Hace mucho que no veo a un afilador. Solía verlos, desde la ventana de la sala de mi casa, a los diez años. Llegaban en sus bicicletas con el equipo para afilar en el manubrio, una tablita y un disco de piedra. Les pasabas los cuchillos de cocina, algún machete, tijeras, hachas, y comenzaba el ritual. Me decía mi papá que cobraban caro, pero, ¿qué tanto pudieran ellos cobrar? Hace mucho que no los veo. Los recuerdo cuando los cuchillos no están afilados, o cuando una podadora de árboles se queda trabada. Los afiladores tomaban la herramienta punzo cortante y la inclinaban un poco hacia el disco de piedra; poco a poco, comenzaban a subir la velocidad del disco; tenían un dispositivo, como el de las máquinas de coser, donde ellos aplastaban un pedal y el disco giraba. En ocasiones, hacía chispas.

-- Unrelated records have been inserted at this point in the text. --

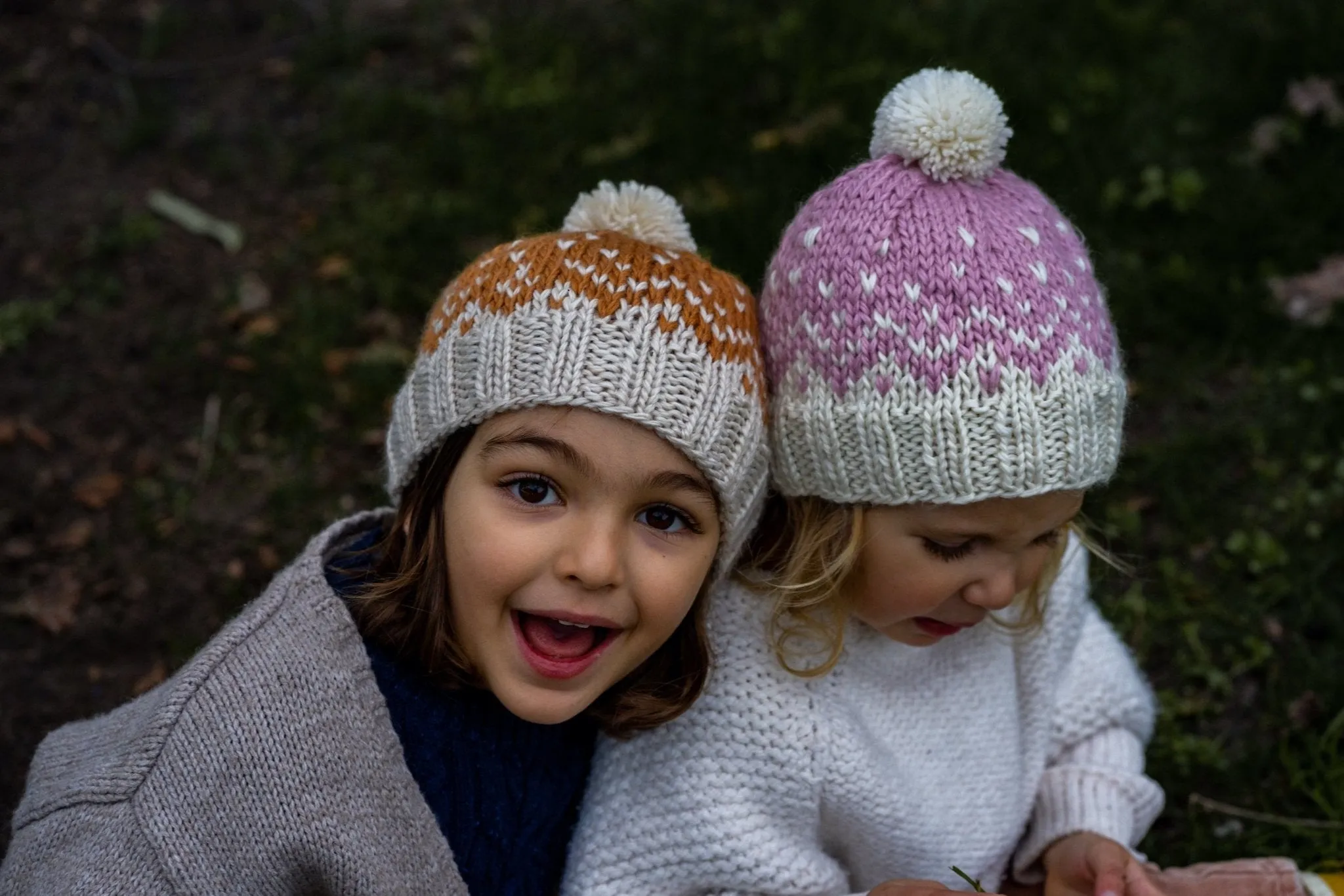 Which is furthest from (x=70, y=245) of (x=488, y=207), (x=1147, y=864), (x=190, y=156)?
(x=1147, y=864)

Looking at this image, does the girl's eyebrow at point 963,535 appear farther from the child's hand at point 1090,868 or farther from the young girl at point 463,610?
the child's hand at point 1090,868

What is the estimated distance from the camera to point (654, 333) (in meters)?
2.24

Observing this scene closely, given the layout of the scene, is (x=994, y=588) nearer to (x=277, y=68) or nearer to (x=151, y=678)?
(x=151, y=678)

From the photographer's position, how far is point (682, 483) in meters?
2.28

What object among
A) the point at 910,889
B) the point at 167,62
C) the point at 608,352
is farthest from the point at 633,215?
the point at 167,62

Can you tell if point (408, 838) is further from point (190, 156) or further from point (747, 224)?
point (190, 156)

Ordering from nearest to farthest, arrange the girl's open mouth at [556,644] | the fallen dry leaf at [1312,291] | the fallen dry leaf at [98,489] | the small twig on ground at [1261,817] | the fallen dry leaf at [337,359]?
the girl's open mouth at [556,644] < the small twig on ground at [1261,817] < the fallen dry leaf at [98,489] < the fallen dry leaf at [1312,291] < the fallen dry leaf at [337,359]

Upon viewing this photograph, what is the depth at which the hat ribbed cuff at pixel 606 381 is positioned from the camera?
7.19 ft

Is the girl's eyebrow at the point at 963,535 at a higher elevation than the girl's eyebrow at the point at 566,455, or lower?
lower

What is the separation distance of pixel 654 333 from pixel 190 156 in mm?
3311

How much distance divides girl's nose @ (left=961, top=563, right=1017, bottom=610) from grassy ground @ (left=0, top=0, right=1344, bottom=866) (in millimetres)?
1116

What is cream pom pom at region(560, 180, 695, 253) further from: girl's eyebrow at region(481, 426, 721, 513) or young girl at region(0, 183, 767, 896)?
girl's eyebrow at region(481, 426, 721, 513)

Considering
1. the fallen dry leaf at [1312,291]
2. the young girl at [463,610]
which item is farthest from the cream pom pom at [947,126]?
the fallen dry leaf at [1312,291]

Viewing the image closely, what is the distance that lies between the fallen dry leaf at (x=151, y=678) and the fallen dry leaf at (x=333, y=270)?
1.54 metres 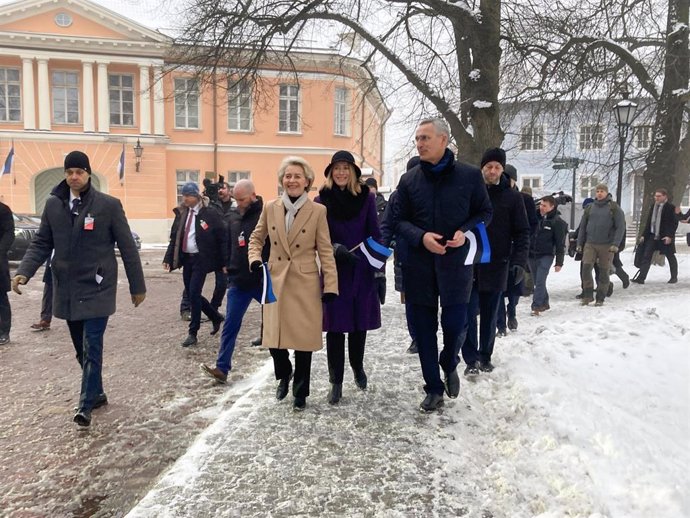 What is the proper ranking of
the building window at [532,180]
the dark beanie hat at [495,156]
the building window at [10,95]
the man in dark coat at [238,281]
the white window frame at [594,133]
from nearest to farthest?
the dark beanie hat at [495,156] < the man in dark coat at [238,281] < the white window frame at [594,133] < the building window at [10,95] < the building window at [532,180]

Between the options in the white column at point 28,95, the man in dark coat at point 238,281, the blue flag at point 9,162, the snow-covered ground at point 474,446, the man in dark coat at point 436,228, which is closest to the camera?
the snow-covered ground at point 474,446

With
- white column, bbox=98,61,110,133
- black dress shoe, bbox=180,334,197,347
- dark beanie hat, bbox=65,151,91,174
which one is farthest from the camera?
white column, bbox=98,61,110,133

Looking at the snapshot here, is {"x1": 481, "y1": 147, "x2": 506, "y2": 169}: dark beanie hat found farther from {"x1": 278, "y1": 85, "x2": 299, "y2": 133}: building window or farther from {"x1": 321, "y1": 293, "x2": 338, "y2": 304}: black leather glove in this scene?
{"x1": 278, "y1": 85, "x2": 299, "y2": 133}: building window

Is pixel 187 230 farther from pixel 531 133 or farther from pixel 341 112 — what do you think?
pixel 341 112

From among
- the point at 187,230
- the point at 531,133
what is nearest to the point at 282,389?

¿Cuánto tiempo han existido los afiladores en el mundo, y dónde están ahora? Puedo imaginar sus orígenes. Bebían los viernes y durante la semana platicaban con los aldeanos, y dos que tres veces ayudaron a ocultar herramientas ensangrentadas. Los afiladores usaban una especie de armónica para anunciar su llegada. Recuerdo cuando un amigo, sentado en la azotea de su casa, con una guitarra acústica, comenzó a tocar un contrapunto para el sonido de la armónica, que venía de lejos. Sin percatarse, el afilador formaba parte de un efímero dúo de blues. Recuerdo esa anécdota y recuerdo a los afiladores cuando corto una zanahoria, o cuando el trozo de carne se pone rejego y descubro que el cuchillo de la cocina ya no tiene filo. Nunca vi la mirada de un afilador. Nunca supe si eran personas agradables. Soné hace unos días, que los afiladores se reunieron a las afueras de un pueblo. Todos, traían cuchillos en mano. Se dijeron con la mirada “Es hora de degollar gente.” Luego me desperté. No importa qué tan afilado esté un cuchillo, cuando cortas una cebolla del centro hacia fuera, siempre terminas llorando.